Вместе с другими
ведущими представителями квантовой теории Нильс Бор придерживался мнения, что
исследование субатомных явлений в мельчайших подробностях невозможно, потому
что любая попытка изучения этих процессов сопровождается нежелательным
вмешательством измерительных инструментов в ход событий. Поэтому при
прогнозировании квантовомеханических процессов можно говорить только о
вероятности их наступления, но не о естественно необходимой достоверности. Все
положения теории атома имеют вероятностный характер. Все законы атомной физики
являются вероятностными законами.
Наряду с понятием
вероятности, властно выступившим на передний план в боровском
теоретико-познавательном изложении вопросов квантовой механики, фундаментальное
значение получило также различие между возможностью и реальностью, которое не
имело гносеологической ценности для классической механики и которым поэтому
пренебрегали. Понятие возможности, которое означает только «потенциально существующее»,
в дальнейшем развитии хода мысли Бора и Гейзенберга стало настоящим ядром
философской интерпретации явлений атомной физики.
В своих
теоретико-познавательных работах Бор не только выступал всегда как материалист,
но был самобытным и глубоким диалектиком. Его принцип дополнительности,
отражающий непримиримые противоречия микромира, является диалектическим
принципом в полном смысле слова. Открытие этого принципа – главная заслуга
датского физика перед теорией познания. Одно только это открытие позволяет
рассматривать Бора как одного из крупнейших теоретиков среди
ученых-естествоиспытателей нового времени.
Правда,
теоретико-познавательные устремления Бора и его учеников долгое время не
встречали понимания и превратно истолковывались. Об этом ученый говорил в 1961
году в разговоре с советскими физиками во время своего последнего приезда в
Москву.
Многие
философы-материалисты до недавнего времени обвиняли Бора в приверженности к
субъективному идеализму, толкуя грубо упрощенно его взгляд на проблему реальности
как «отрицание» реальности внешнего мира. Временные сомнения Бора в строгой
универсальности закона сохранения энергии и количества движения в сфере атома
были использованы в философской литературе в качестве примеров «антинаучных
выводов» и «скатывания к идеализму и агностицизму».
Большая заслуга в
устранении этих и подобных недоразумений принадлежит, наряду с другими,
советским физикам Иоффе и Фоку.
Иоффе в своей
книге воспоминаний «Встречи с физиками» убедительно показал, что Бор ни в какой
мере не отрицал реальности внешнего мира; он только стремился к тому, чтобы
установить своеобразие его познаваемости. Нильс Бор, как писал Иоффе, был
великим мыслителем, непрерывно развивающим и углубляющим свои представления о
природе не только физических, но и биологических явлений.
По словам Фока,
Бор в последнее время избегал выражения «неконтролируемое взаимодействие» между
объектом и измерительным прибором, считая его недостаточно точным, хотя раньше
он нередко пользовался этим выражением. Фок сообщает, что в разговорах с ним
Бор давал высокую оценку диалектике и отклонял позитивизм.
Бор отдал должное
и ядерной физике. В 1936 г. он объяснил механизм протекания ядерных реакций.

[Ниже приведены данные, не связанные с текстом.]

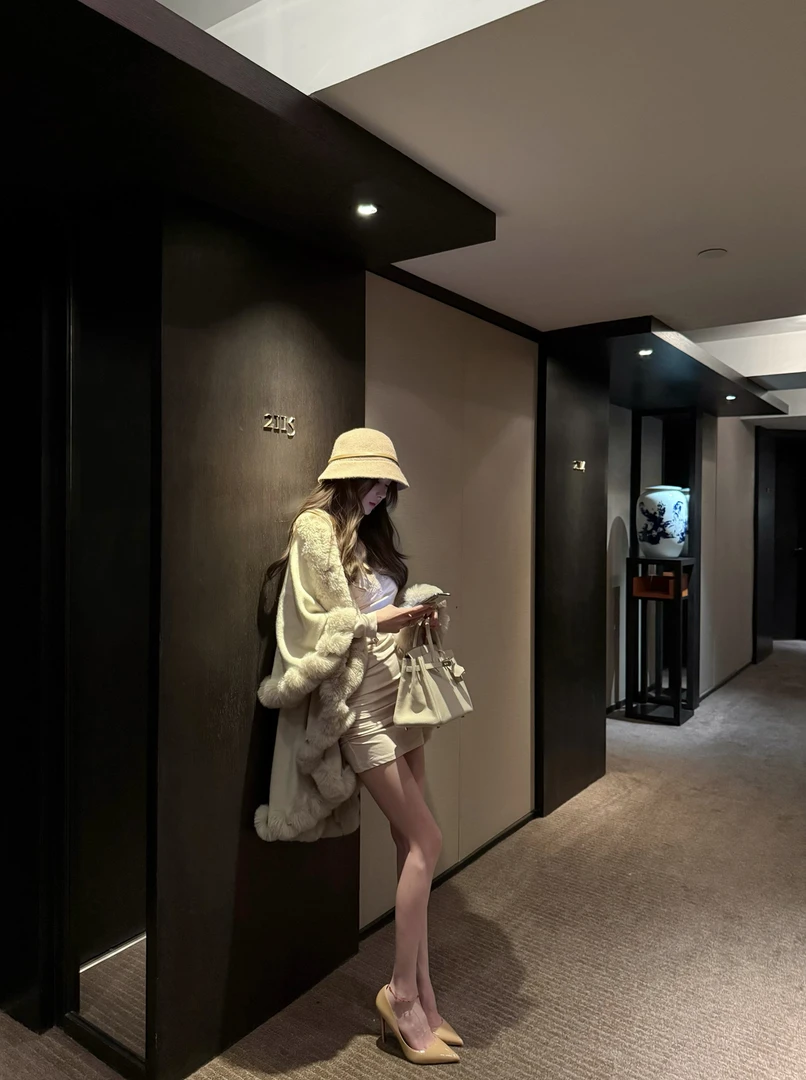 人造皮草 杜总家京城旧奢*甜美气质双层柔软秋冬针织披肩皮草外套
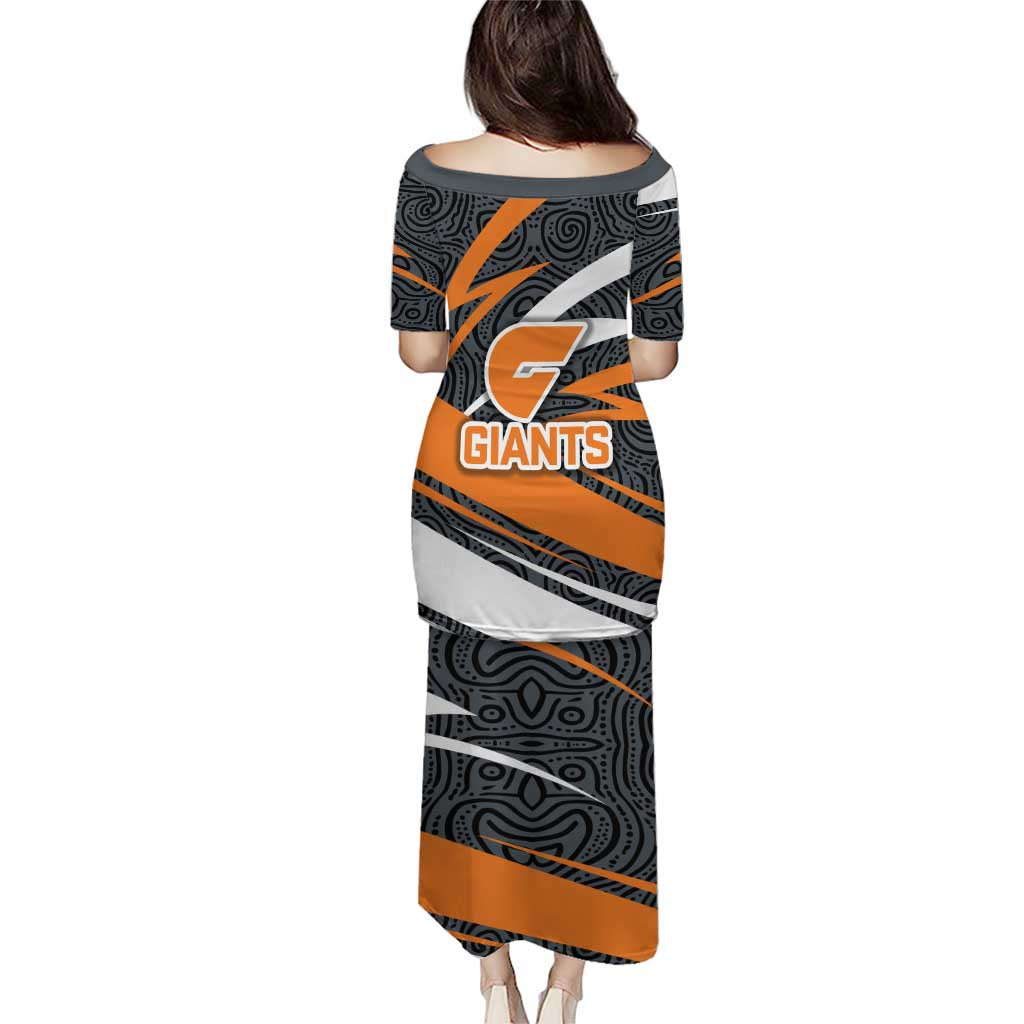 Greater Western Sydney Giants Australian Football Puletasi Athletic Hero Mascot With Indigenous Pattern Art
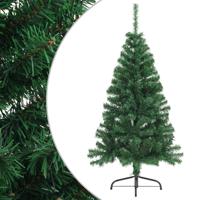 Kunstkerstboom met standaard half 150 cm PVC groen - thumbnail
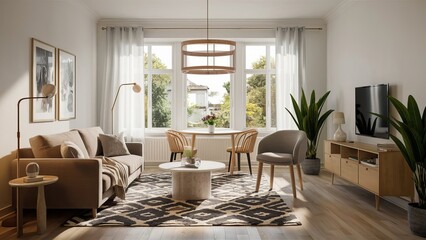 Living room with a large window a couch with pillows and a coffee table, luxury interior design, 3D Render, High Quality Photography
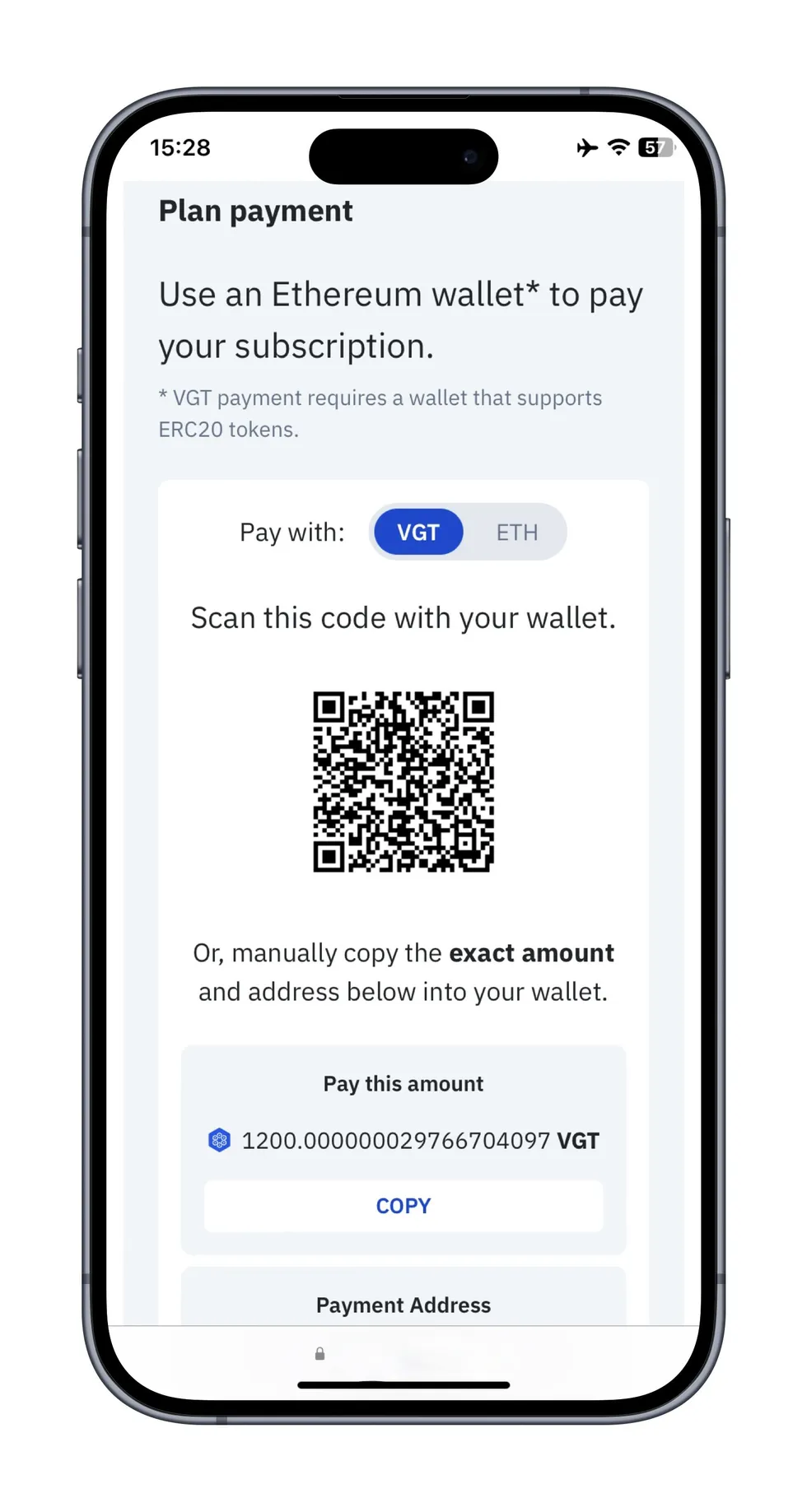 Screen showing QR code to scan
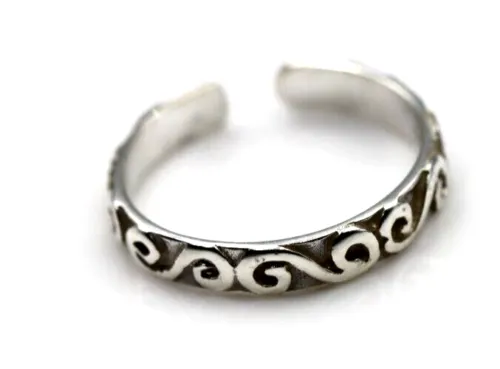 Kaedesigns New Genuine Sterling Silver Swirl Toe Ring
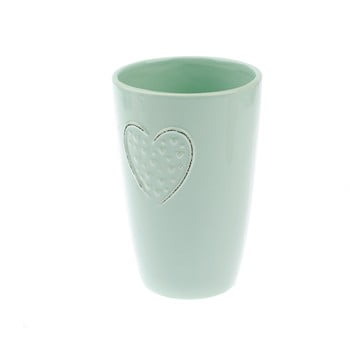 Vază din ceramică Dakls Hearts Dots, înălțime 18,3 cm, verde deschis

Бомбардирующая частица образовывала с ядром мишени составное ядро. Ее энергия
быстро распределялась между всеми нуклонами. Через малый промежуток времени
один из них или их определенная комбинация приобретали достаточную энергию для
того, чтобы покинуть ядро.
Предложив так
называемую капельную модель ядра (1939), Бор вскрыл суть процесса деления урана
под действием нейтронов и вместе с Джоном Уилером разработал количественную
теорию этого процесса. Далее, он предсказал вероятность спонтанного деления
ядер - нового вида естественной радиоактивности. Эта модель, где поведение
нестабильного тяжелого атомного ядра сравнивается с делящейся каплей жидкости,
дало в конце 1938 г. возможность Отто Р. Фришу и Лизе Майтнер разработать
теоретическую основу для понимания деления ядра. Открытие деления накануне
второй мировой войны немедленно дало пищу для домыслов о том, как с его помощью
можно высвобождать колоссальную энергию. Во время визита в Принстон в начале
1939 г. Бор определил, что один из обычных изотопов урана, уран-235, является
расщепляемым материалом, что оказало существенное влияние на разработку атомной
бомбы.
В первые годы
войны Бор продолжал работать в Копенгагене, в условиях германской оккупации
Дании, над теоретическими деталями деления ядер. Над Бором нависла грозная
опасность. Руководство Третьего рейха намеревалось привлечь его к реализации
германского атомного проекта. Осенью 1943 г. Бору удалось перебраться в
нейтральную Швецию. Оттуда он вместе с сыном Оге перелетел в Англию в пустом
бомбовом отсеке британского военного самолета. Во время перелета он едва не
погиб: в самолете для него нашлось место только в бомбовом отсеке. Но
кислородный шлем ему оказался слишком мал, и во время перелета ученый чуть не
задохнулся.
Хотя Бор считал
создание атомной бомбы технически неосуществимым, работа по созданию такой
бомбы уже начиналась в Соединенных Штатах, и союзникам потребовалась его
помощь. В конце 1943 г. Нильс и Оге отправились в Лос-Аламос для участия в
работе над Манхэттенским проектом. Старший Бор сделал ряд технических
разработок при создании бомбы и считался старейшиной среди многих работавших
там ученых; однако его в конце войны крайне волновали последствия применения
атомной бомбы в будущем. Он встречался с президентом США Франклином Д.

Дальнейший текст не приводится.